Presentation on theme: " What is a trench in the ocean? 2. there have been 22 trenches within the ocean that have been identified. 18 trenches are in the pacific ocean, 3."— Presentation transcript:
What is a trench in the ocean? 2. there have been 22 trenches within the ocean that have been identified. 18 trenches are in the pacific ocean, 3 in the Atlantic and 1 in the Indian ocean. The Mariana is east of the Mariana islands in the Pacific ocean.
The deepest trench within the Mariana trench system is the Challenger trench which is 36, 201 feet deep. Mt. Everest is 29, 035 feet high so, we could place this mountain in the trench and still have 7,000 feet left.
This trench is used as a passage for submarines. The Mariana trench is by far the deepest point in the ocean. You cannot scuba dive to this location because it is so deep. You would never survive the pressure.
The Challenger Deep is the deepest surveyed point in the oceans, with a depth of approximately 11,000 meters (36,000 feet). It is located at the southern end of the Mariana Trench near the Mariana Islands group. The Challenger Deep is a relatively small slot- shaped depression in the bottom of a considerably larger crescent-shaped trench, which itself is an unusually deep feature in the ocean floor.
The very first expedition to this area was by the HMS Challenger from 1872 to 1876. HMS Challenger was a steam-assisted Royal Navy Pearl-class corvette launched on 13 February 1858 at the Woolwich Dockyard. She was the flagship of the Australia Station between 1866 and 1870.
She was picked to undertake the first global marine research expedition: the Challenger expedition. To enable her to probe the depths, all but two of the Challenger's guns had been removed and her spars (keeps sails in place) reduced to make more space available. Laboratories, extra cabins and a special dredging platform were installed.
She was loaded with specimen jars, alcohol for preservation of samples, microscopes and chemical apparatus, trawls and dredges, thermometers and water sampling bottles, sounding leads and devices to collect sediment from the sea bed and great lengths of rope with which to suspend the equipment into the ocean depths. In all she was supplied with 181 miles (291km) of Italian hemp for sounding, trawling and dredging.

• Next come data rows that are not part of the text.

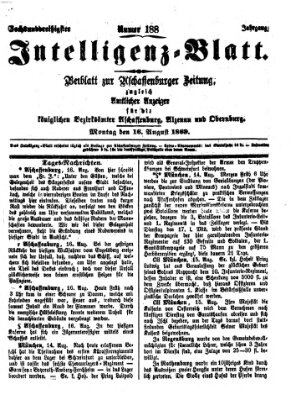Aschaffenburger Zeitung Montag 16. August 1869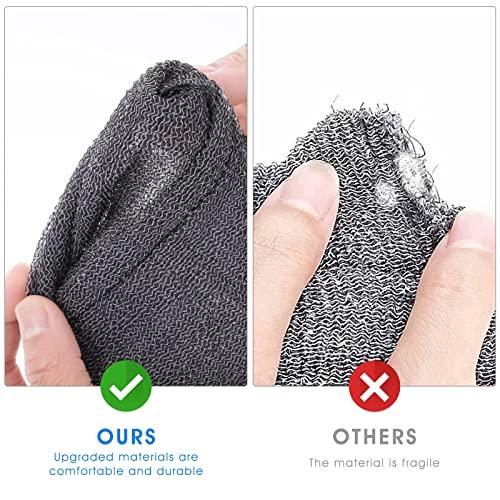 Sibba Sibba 2 PCS Soap Bar Holder Saver Body Scrubber Bath Sponges Shower Bag Pouch Case Container Mesh Cover Suds Sleeve Skin Tag Remover Body Scrubs Home Travel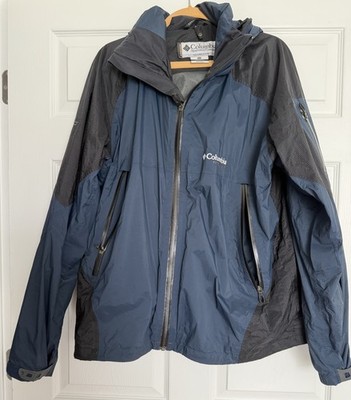 Columbia Titanium Omni-Tech Waterproof Mountain Jacket Men s XL - Blue/Gray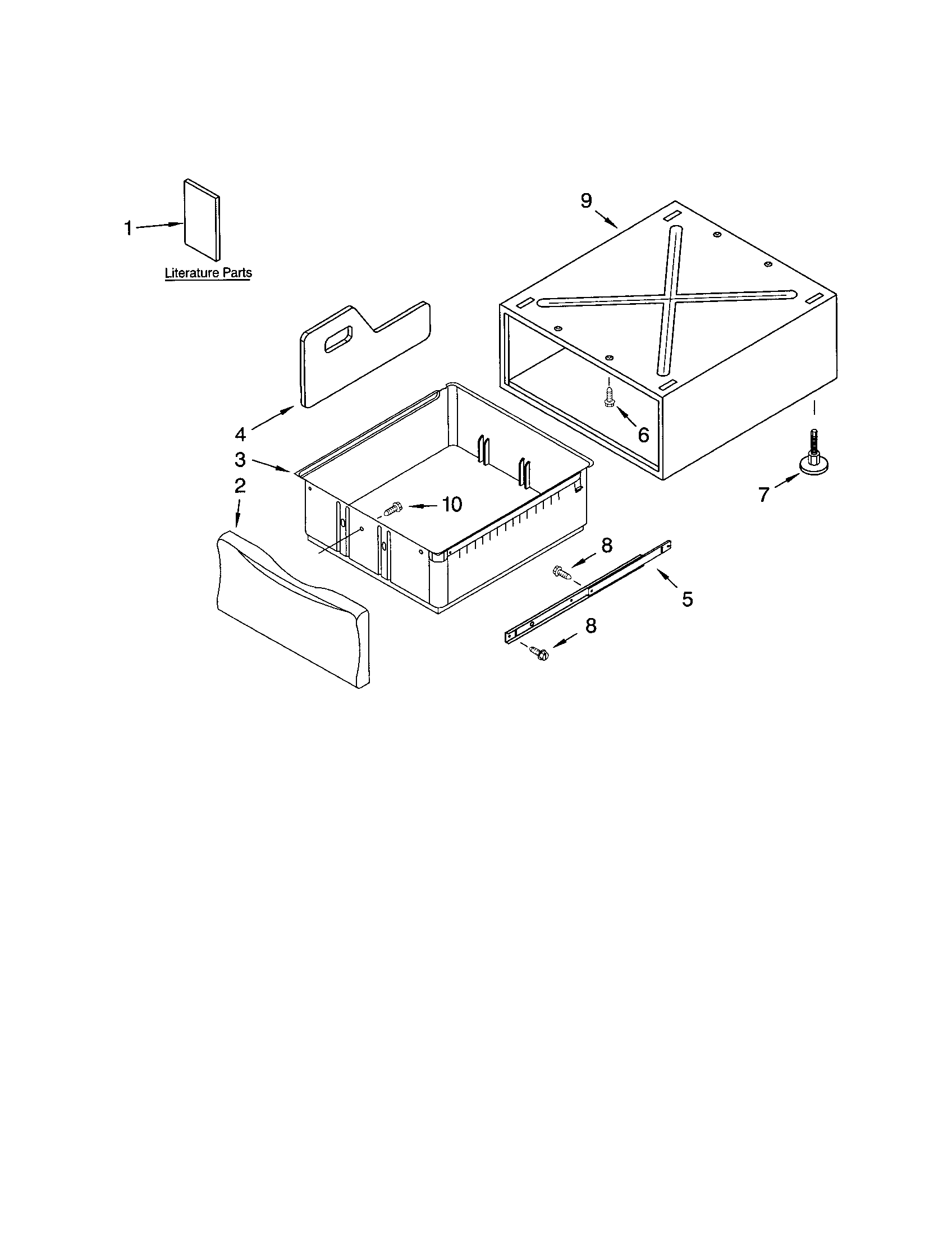 Kenmore 11094832200 pedestal diagram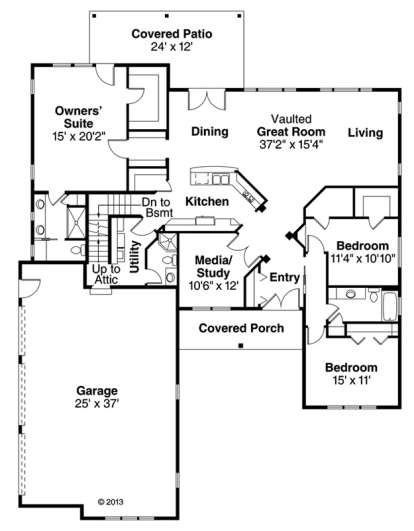 Floorplan for House Plan #035-00615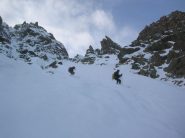 nella parte superiore del canalino inferiore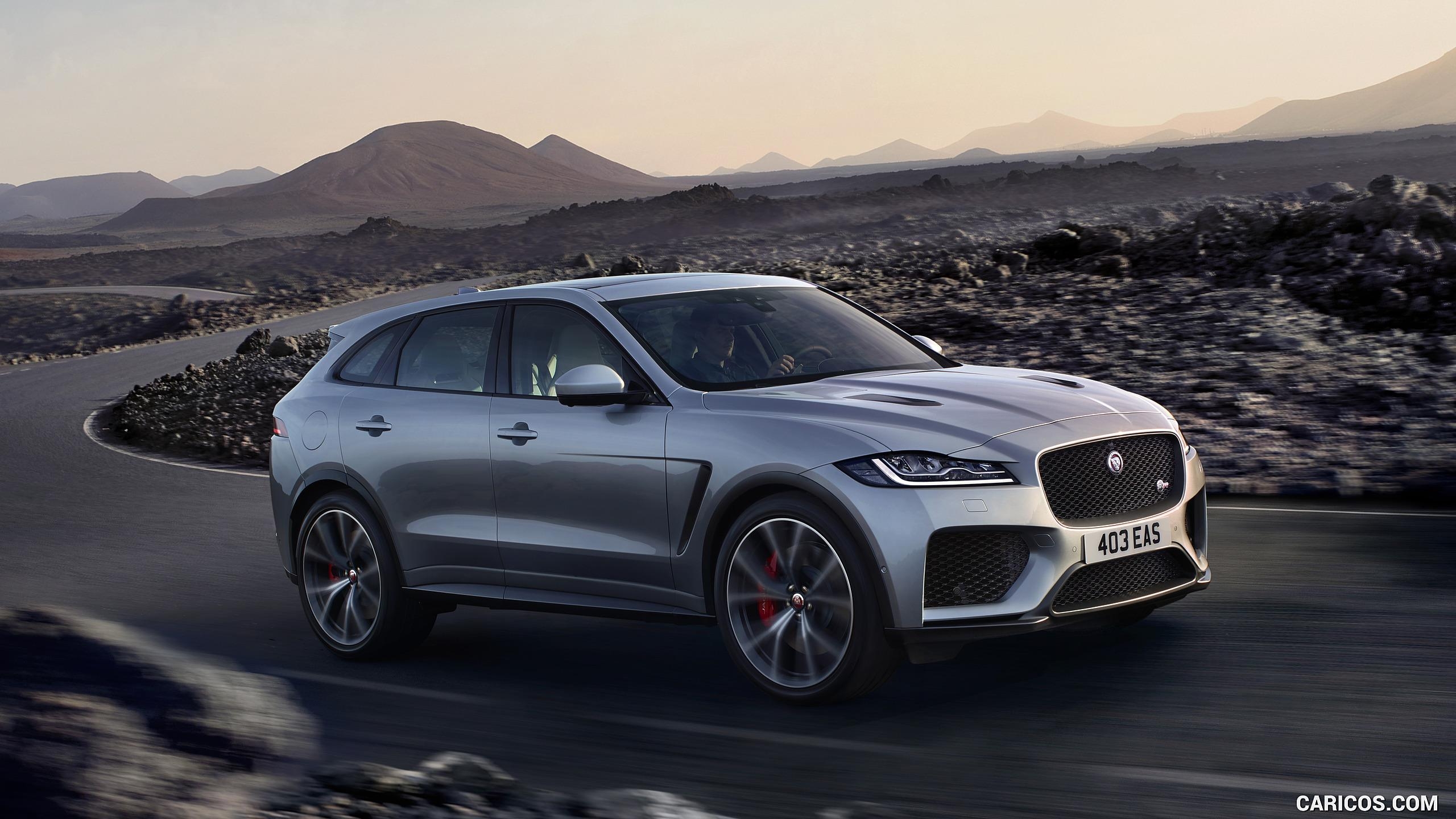 2560x1440 Jaguar F PACE SVR Three Quarter. HD Wallpaper, Desktop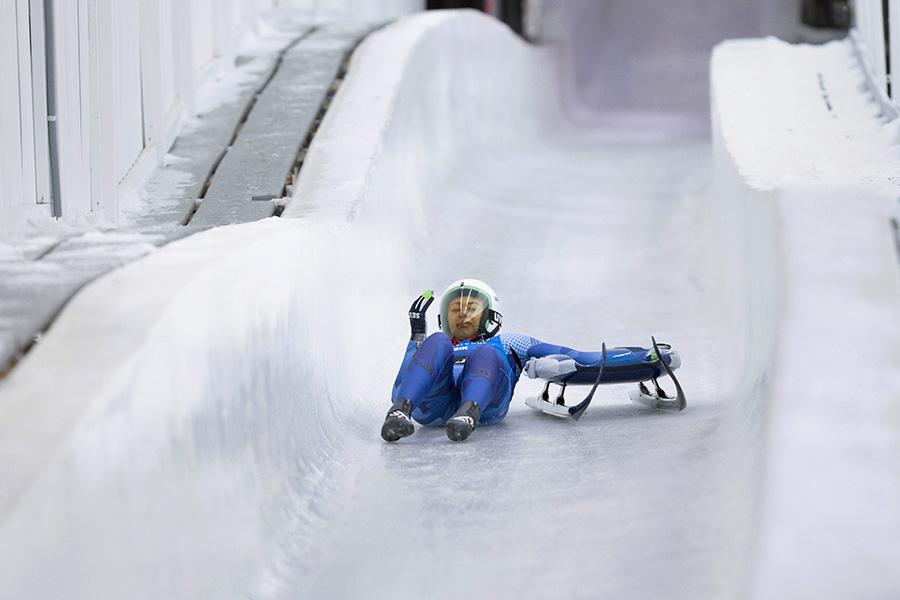 Дарья Олесик на Кубке мира по санному спорту в Лейк-Плэсиде, США, 16 декабря 2025 года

The Challenger carried a complement of 243 officers, scientists and crew when she embarked on her 68,890 nautical mile (127,670 km) journey. Despite the great success of the Challenger Expedition, the Challenger suffered an ignominious fate. She was commissioned as a Coast Guard and Royal Naval Reserve training ship at Harwich in July 1876.
She was paid off at the Chatham Dockyards in 1878 and remained in reserve until 1883, when she was converted into a receiving hulk in the River Medway, where she stayed until she was sold to J. B. Garnham on 6 January 1921 and broken up for her copper bottom on 1921. Nothing, apart from her figurehead, now remains. This is on display in the foyer of the National Oceanography Centre, Southampton. The United States Space Shuttle Challenger was named after the ship
The Trieste was a Swiss-designed, Italian-built deep-diving research bathyscaphe ("deep boat") with a crew of two, which reached a record maximum depth of about 10,911 meters (35,797 ft), in the deepest known part of the ocean on Earth, the Challenger Deep in the Mariana Trench near Guam, on January 23, 1960. Fifty years after their historic voyage, the two- man crew remain the only human beings to ever reach the bottom of Challenger Deep. The vessel is currently on display at the U.S. Navy Museum.